Farmer v. Brennan, 511 U.S. 825, 834 (1994).

Plaintiff has properly stated a claim against Defendants Peters and Enenmoh. Defendant CDCR, however, is not a proper Defendant. Plaintiff may not bring suit against CDCR in federal court because it is a state agency and is entitled to Eleventh Amendment immunity. Aholelei v. Dept. of Public Safety, 488 F.3d 1144, 1147 (9th Cir. 2007).
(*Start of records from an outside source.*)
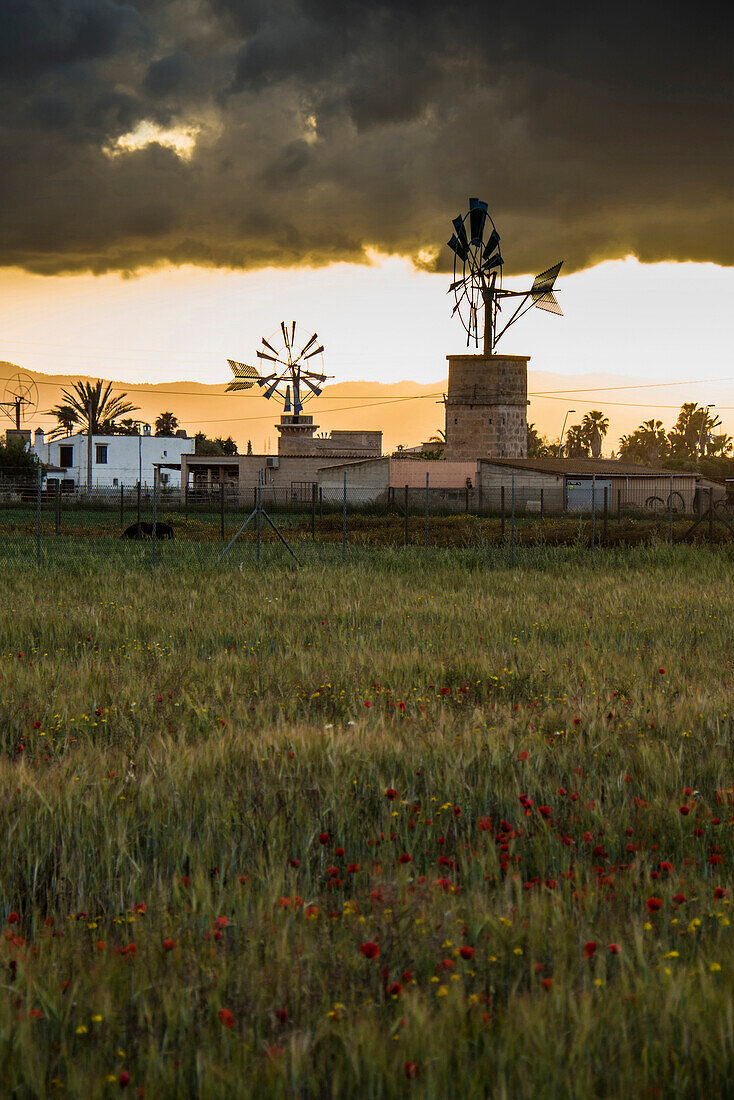 Old windmills, Sant Jordi, near Palma de Mallorca, Majorca, Spain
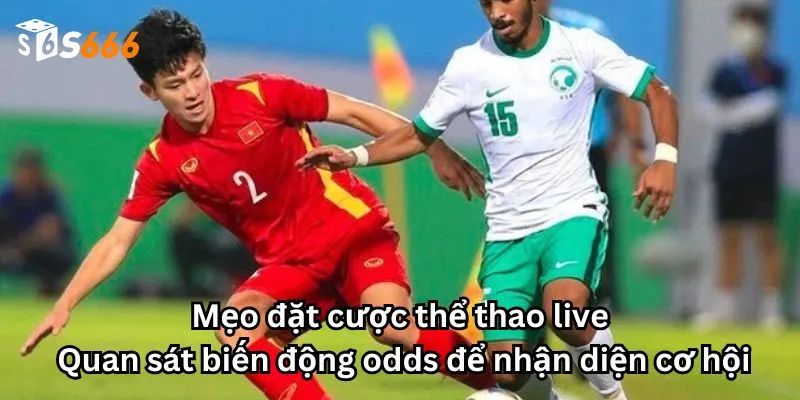 Mẹo đặt cược thể thao live: Quan sát biến động odds để nhận diện cơ hội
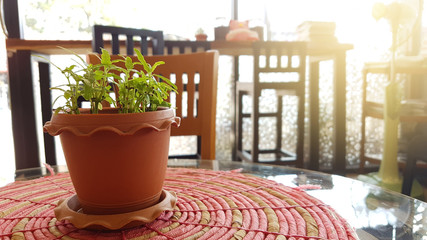 Fototapeta na wymiar Little tree in little pot, plant decoration in home or office or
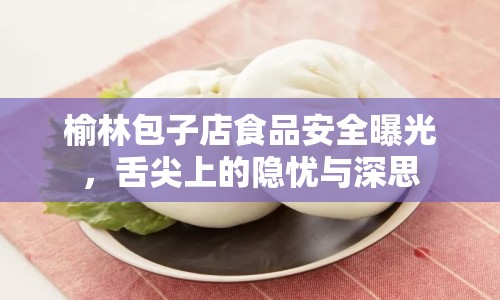 榆林包子店食品安全曝光，舌尖上的隱憂與深思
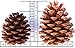 Natural Ponderosa Pine Cones Accent Decorations 3 to 4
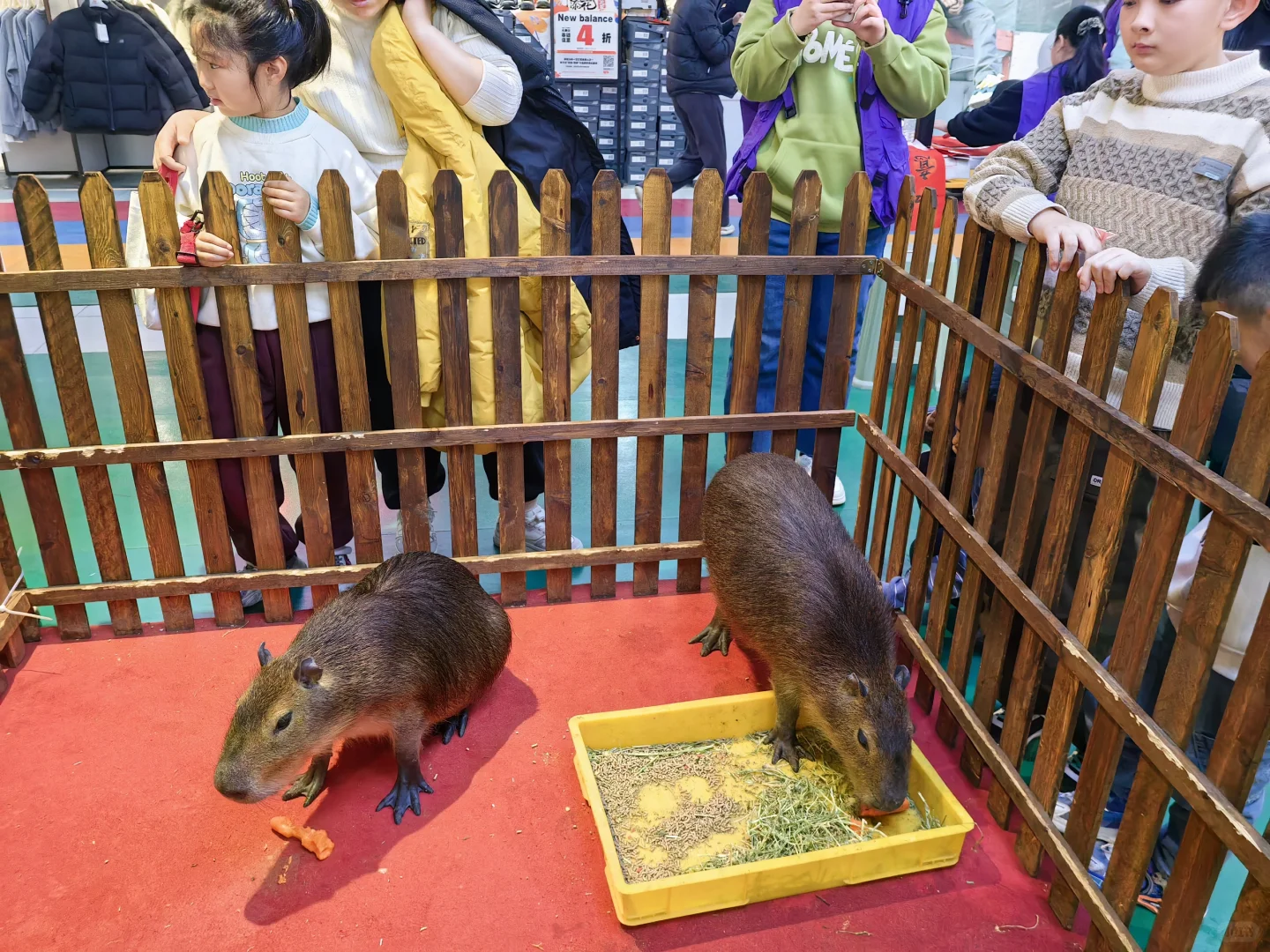 被可爱到的卡皮巴拉展!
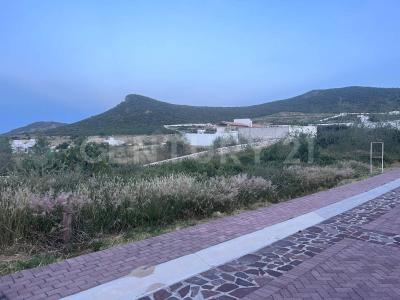 Ciudad Maderas la Montaña 26,, El Marqués, 克雷塔羅 76246, 墨西哥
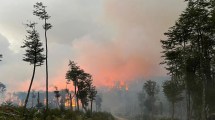 Imagen de Incendio forestal en Tierra del Fuego: la Justicia analiza audios que mencionan a posibles responsables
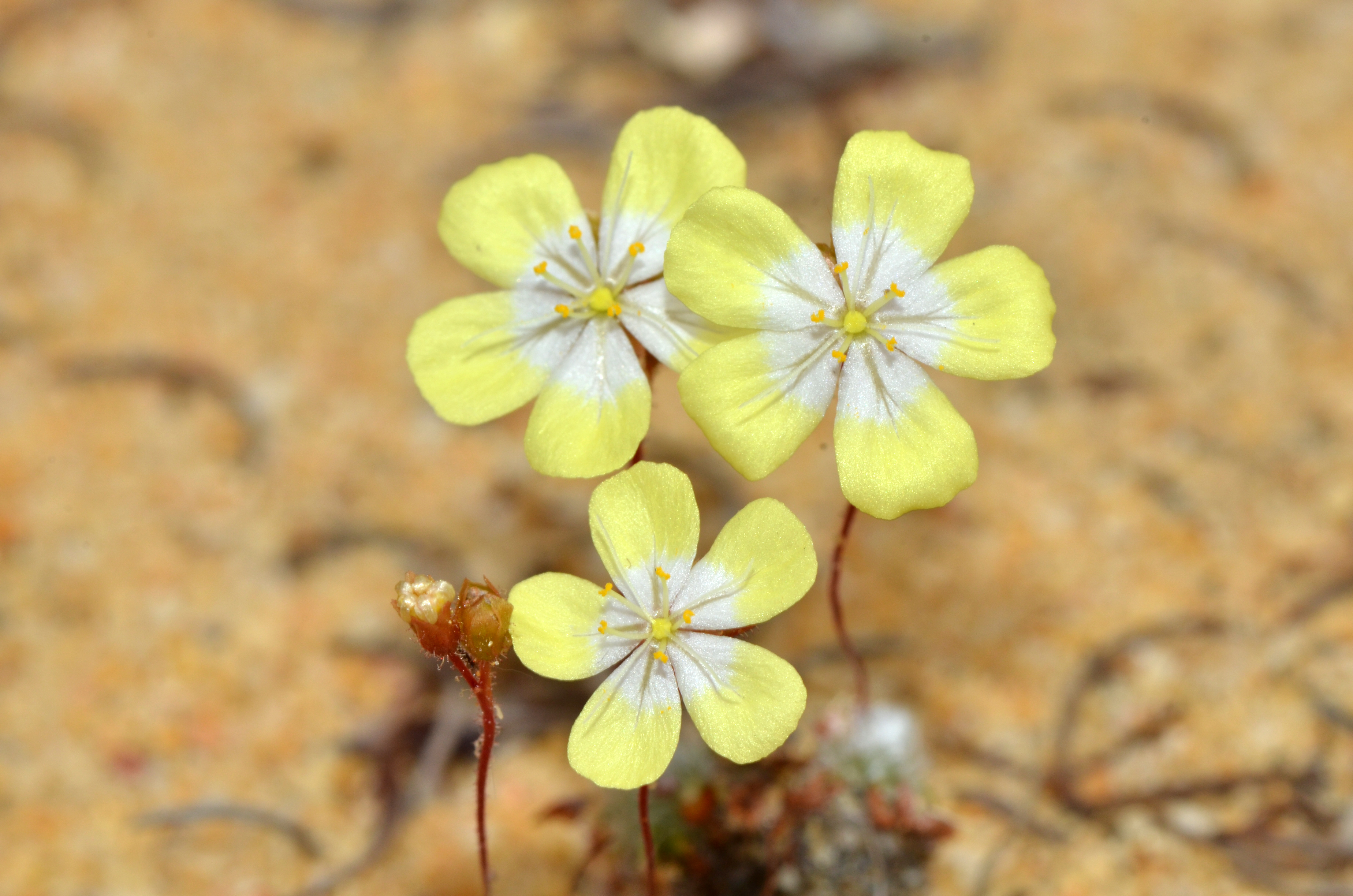 Drosera citrina — de standplaats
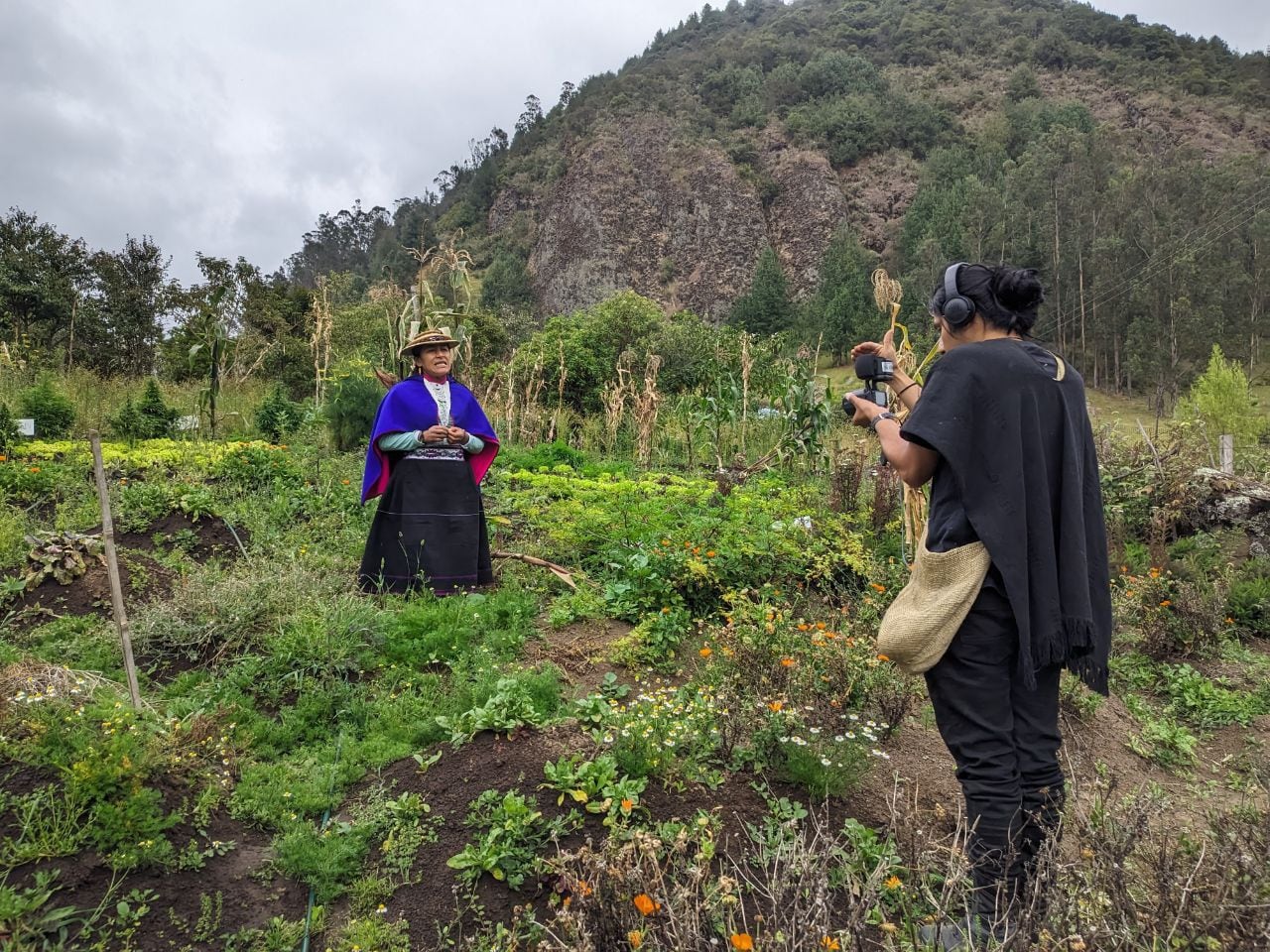 Este archivo digital propone un territorio que reconoce sus 65 lenguas indígenas, dos criollas y el romaní.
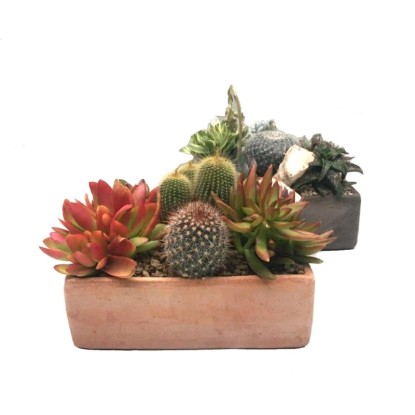 Kompozycja kaktusów i sukulentów Emilia-Romania wys. 18 cm, don. 21,5 cm Kompozycja kaktusów i sukulentów Emilia-Romania wys. 18 cm, don. 21,5 cm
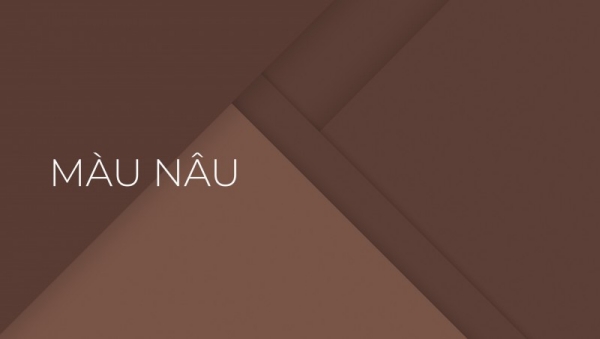 Sắc thái màu nâu đất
Similarly, insofar as Plaintiff names "Medical Staff- F Facility" as a Defendant, he cannot do so. The Civil Rights Act under which this action was filed provides:

Every person who, under color of [state law] . . . subjects, or causes to be subjected, any citizen of the United States . . . to the deprivation of any rights, privileges, or immunities secured by the Constitution . . . shall be liable to the party injured in an action at law, suit in equity, or other proper proceeding for redress.

While the Medical Staff- F Facility is made up of numerous individuals, Plaintiff cannot sue them as a group. Section 1983 requires a Plaintiff to show that (1) each defendant acted under color of state law and (2) each defendant deprived him of rights secured by the Constitution or federal law. Long v. County of Los Angeles, 442 F.3d 1178, 1185 (9th Cir. 2006). Plaintiff must demonstrate that each defendant personally participated in the deprivation of his rights. Jones v. Williams, 297 F.3d 930, 934 (9th Cir. 2002). Other than Defendant Peters and Enenmoh, Plaintiff has not linked any other individuals with an alleged act.

Therefore, Plaintiff cannot state a claim against Defendants CDCR and "Medical Staff- F Facility" and they must be dismissed from this action. By separate order, the Court will instruct Plaintiff on the steps necessary to serve Defendants Peters and Enenmoh.

ORDER

Based on the foregoing, the Court ORDERS that Defendants CDCR and "Medical Staff-F Facility" be DISMISSED from this action.

IT IS SO ORDERED.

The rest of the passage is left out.